Marketing Technology

I recently saw a fun post on LinkedIn. Milestone Systems was bragging about how they have added GPU acceleration to their VMS, but the accompanying picture was from a different VMS vendor. My curiosity had the better of me, and I decided to look for the original press release. The image was gone, but the text is bad enough.

Let’s examine :

Pioneering Hardware Acceleration
In the latest XProtect releases, Milestone has harvested the advantages of the close relationships with Intel and Microsoft by implementing hardware acceleration. The processor-intensive task of decoding (rendering) video is offloaded to the dedicated graphics system (GPU) inside the processer [sic], leaving the main processor free to take on other tasks. The GPU is optimized to handle computer graphics and video, meaning these tasks will be greatly accelerated. Using the technology in servers can save even more expensive computer muscle.

“Pioneering” means that you do something before other people. OnSSI did GPU acceleration in version 1.0 of Ocularis, which is now 8 or 9 years old. Even the very old NetSwitcher app used DirectX for fast YUV conversion. Avigilon has been doing GPU acceleration for a while too, and I suspect others have as well. The only “pioneering” here is how far you can stretch the bullshit.

Furthermore, Milestone apparently needs a “close relationship” with Microsoft and Intel to use standard and publicly available quick sync tech. They could also have used FFMpeg.

We have experimented with CUDA on a high end nVidia card years ago, but came to the conclusion that the scalability was problematic, and while the CPU would show 5%, the GPU was being saturated causing stuttering video when we pushed for a lot of frames.

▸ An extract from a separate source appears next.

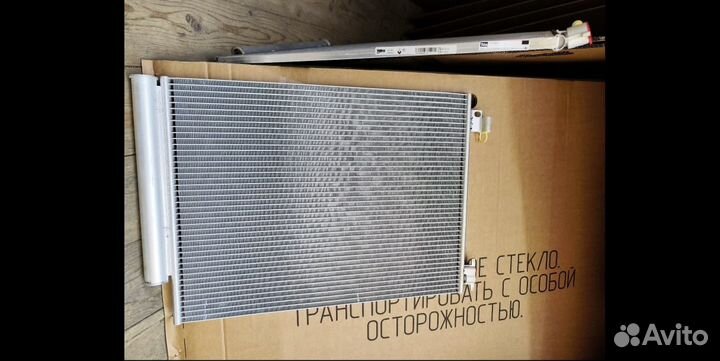 Конденсатор (радиатор кондиционера) Vesta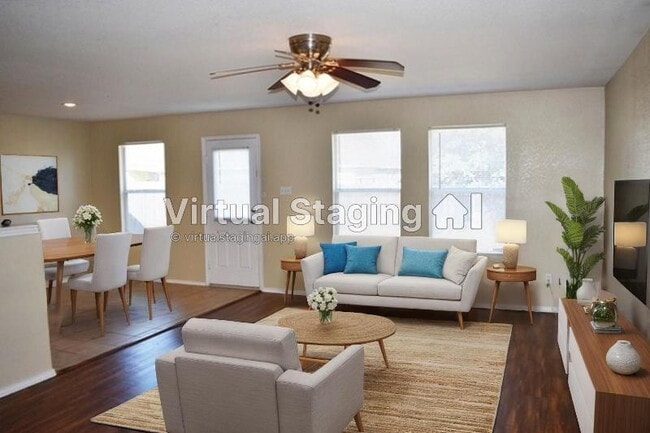 Photo - "Great 3-2-2 Home with Open Floor Plan and Spacious Backyard!"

Using Quick sync is the right thing to do, but trying to pass it off as “pioneering” and suggesting that you have some special access to Microsoft and Intel to do trivial things is taking marketing too far.

The takeaway is that I need to remind myself to make my first gen client slow as hell, so that I can claim 100% performance improvement in v2.0.

keep-calm-and-ignore-bullshit-7-257x300

Tagged , ,

Open Systems and Integration

Yesterday I took a break from my regular schedule and added a simple, generic HTTP event source to Ocularis. We’ve had the ability to integrate to IFTTT via the Maker Channel for quite some time. This would allow you to trigger IFTTT actions whenever an event occurs in Ocularis. Soon, you will be able to trigger alerts in Ocularis via IFTTT triggers.

For example, IFTTT has a geofence trigger, so when someone enters an area, you can pop the appropriate camera via a blank screen. The response time of IFTTT is too slow and I don’t consider it reliable for serious surveillance applications, but it’s a good illustration of the possibilities of an open system. Because I am lazy, I made a trigger based on Twitter, that way I did not have to leave the house.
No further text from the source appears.